Patients receiving proton therapy can experience delays in treatment based on access to proton centers within local proximity. Although we found that an established referral process for international patients led to no delays in treatment, patients traveling > 1716 km (> 1066 miles) had a 1- to 2-week (approximately 8 day) delay. However, this minor delay was not associated with worse results, and patient access was preserved. Thus, traveling to a proton center to receive high-quality care—even across country—does not compromise outcomes and is important for providers and parents to recognize as they seek best-care practices for their children. Our findings highlight the importance of a streamlined referral intake process to prevent undue delays and to continue avoiding potential compromises in outcomes because of the referral nature to proton centers across the globe.

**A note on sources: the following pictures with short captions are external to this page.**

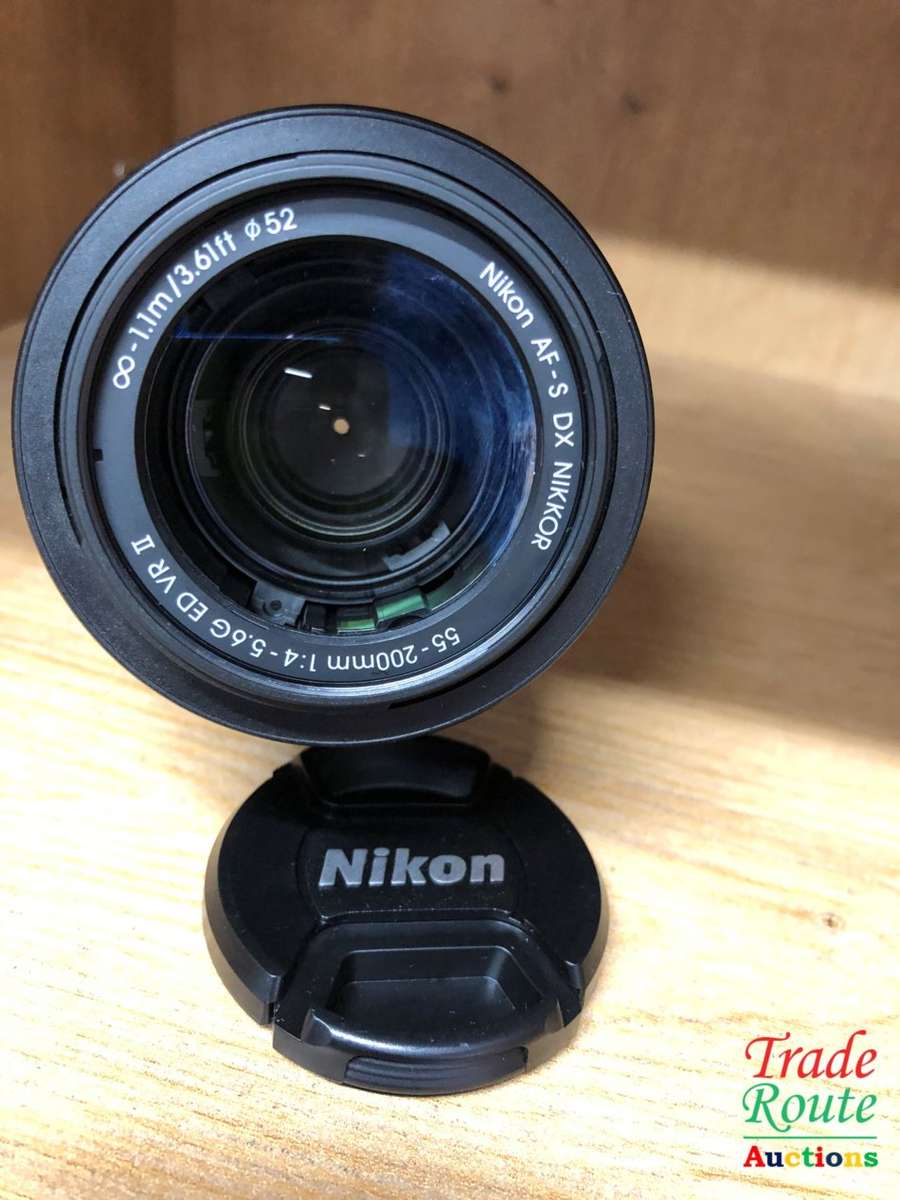 Nikon AF-S DX NIKKOR 55-200mm VR II LENS For Nikon DSLR Cameras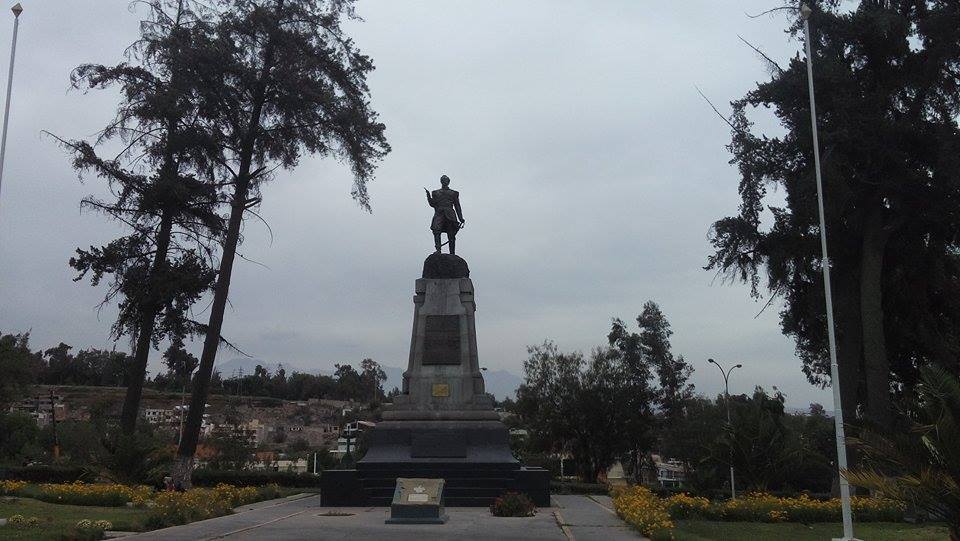 Monumento a Francisco Bolognesi, por César - Mochilero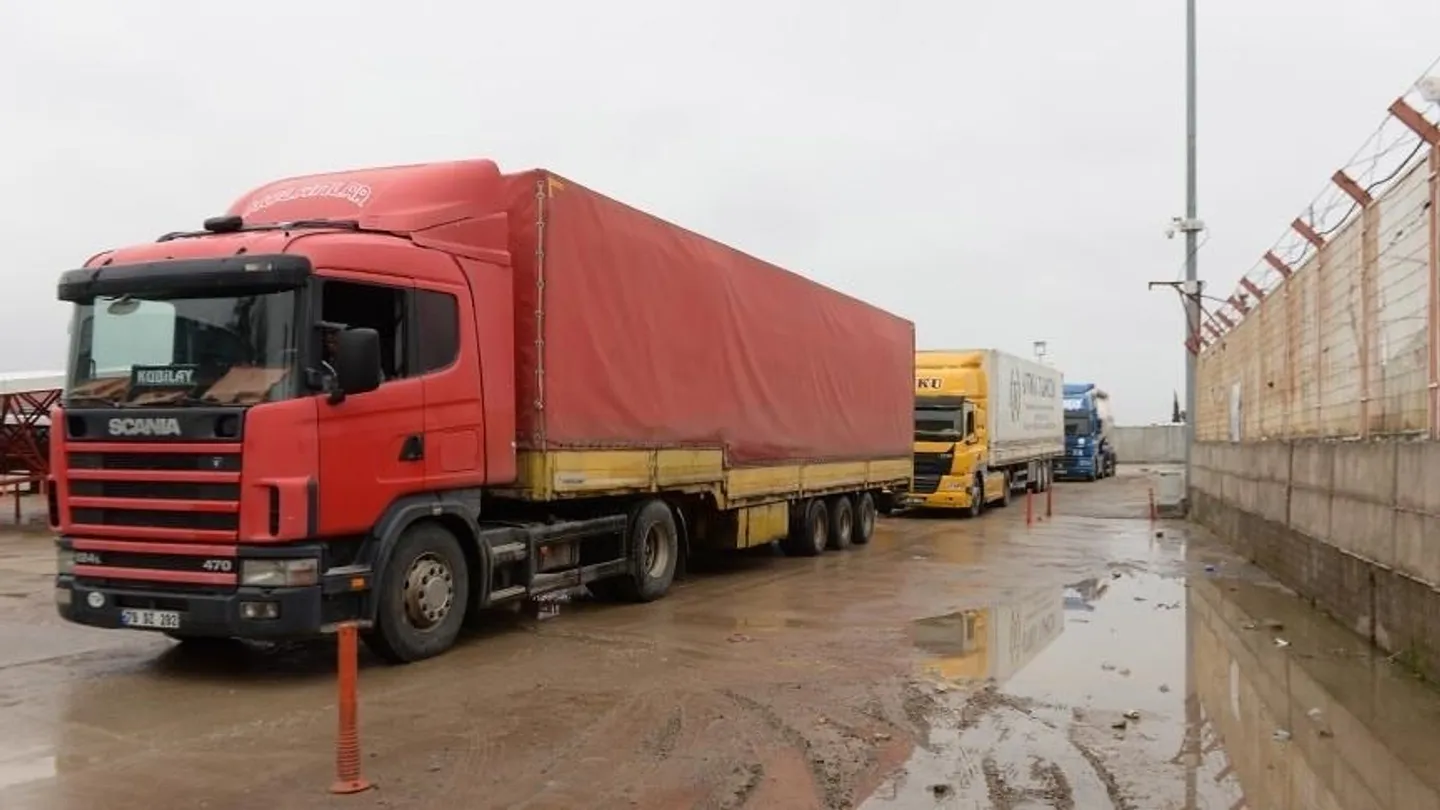 La Turquie et la Syrie signent un accord historique sur le transport terrestre direct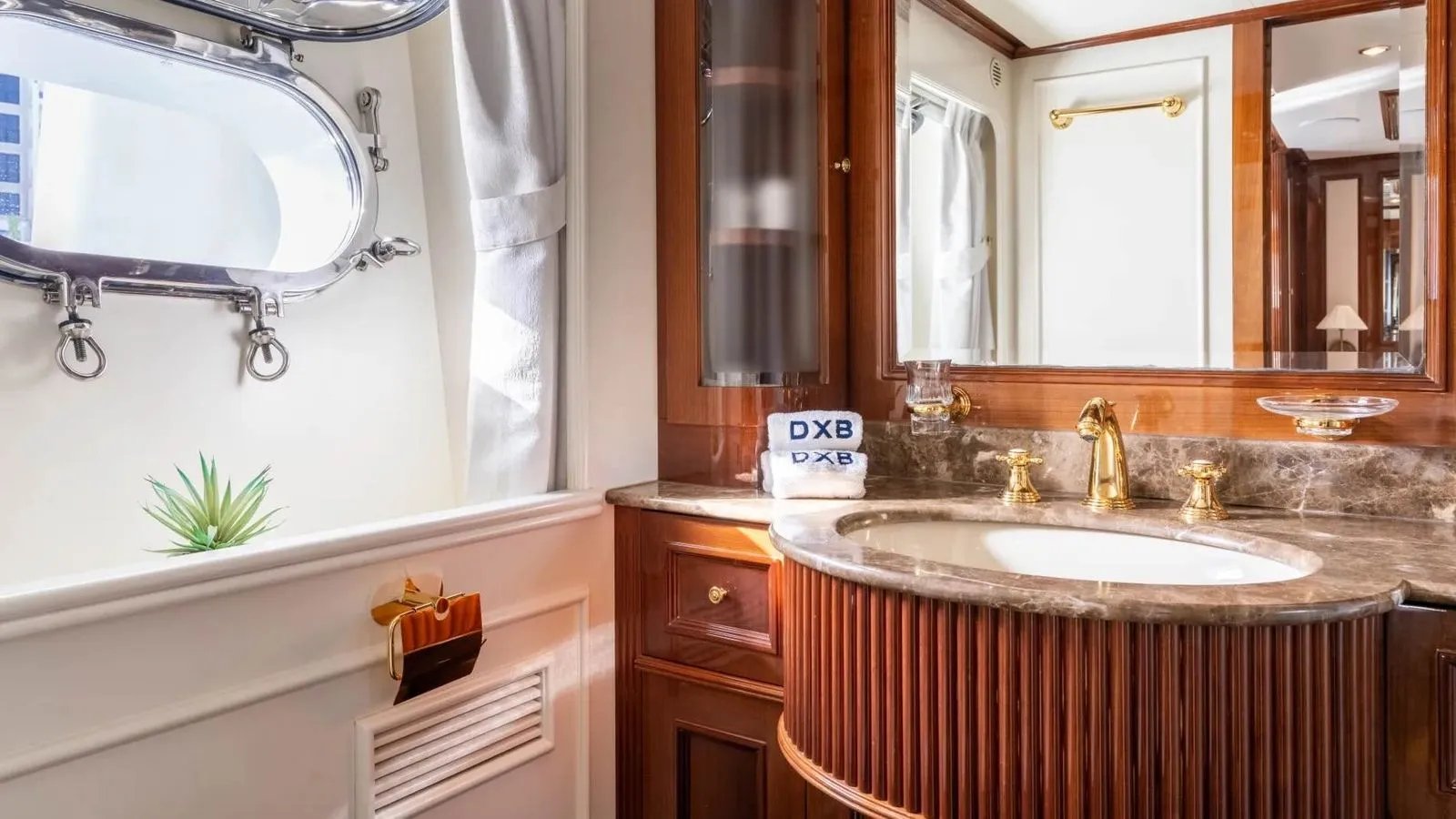 DXB yacht detail photo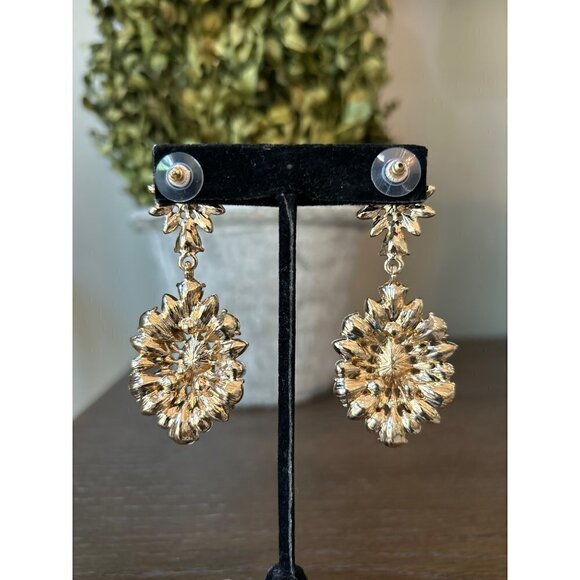 8 Other Reasons Her Majesty Earrings Emerald Womens Size OS - Picture 6 of 6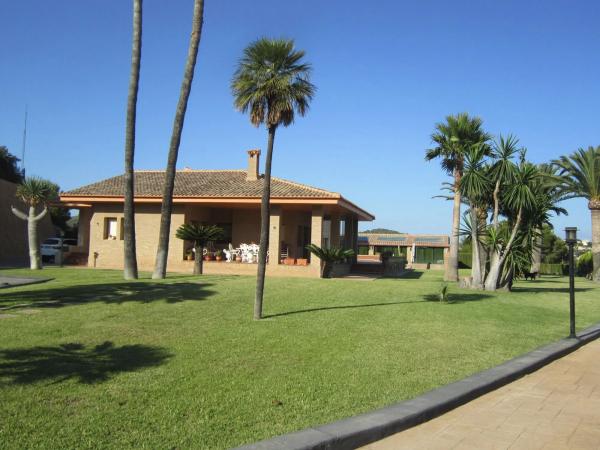 Chalet en Manzanera-Tosal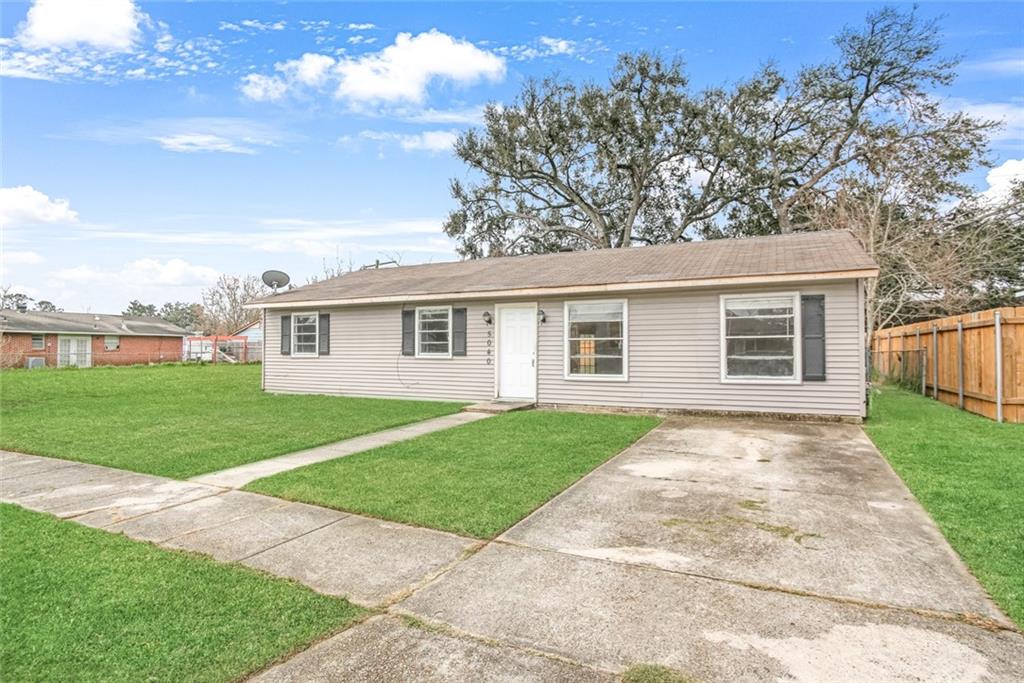 5040 Rochester Drive Marrero, LA 70072 - Photo 1 of 15 Gallery Image 1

ADDITIONAL INFORMATION AND DECLARATIONS
Conflicts of Interest: Steven J. Frank, MD, is an Associate Editor of the International Journal of Particle Therapy. Dr Frank discloses leadership and ownership interests in C4 Imaging and National Comprehensive Cancer Network Stock; honoraria from Boston Scientific, Hitachi, and Varian Medical Systems; research funding from Elekta, Hitachi, and Eli Lilly; a consulting or advisory role with Hitachi, Breakthrough Chronic Care, Varian Medical Systems; and patents developed at the University of Texas MD Anderson Cancer Center, which have been licensed to C4 Imaging. Dr Frank also discloses travel, accommodations, and expenses provided by the National Comprehensive Cancer Network and Boston Scientific. The authors have no other conflicts to disclose.
Funding: The authors have no additional funding to disclose.
Ethical Approval: All patient data has been collected under internal review board–approved protocol.
Consortium: The MD Anderson Cancer Center Radiation Oncology Fellows Consortium included the following members: Brandon Lucari, Saira Elizabeth Alex, Carolyn Brooks, Karthik Jagannath, Rohit Gupta, Bethany Burdick, Alexandria Brown, and Lorna Min.
Sean M. Liu, BA, and Eric D. Brooks, MD, contributed equally to this work.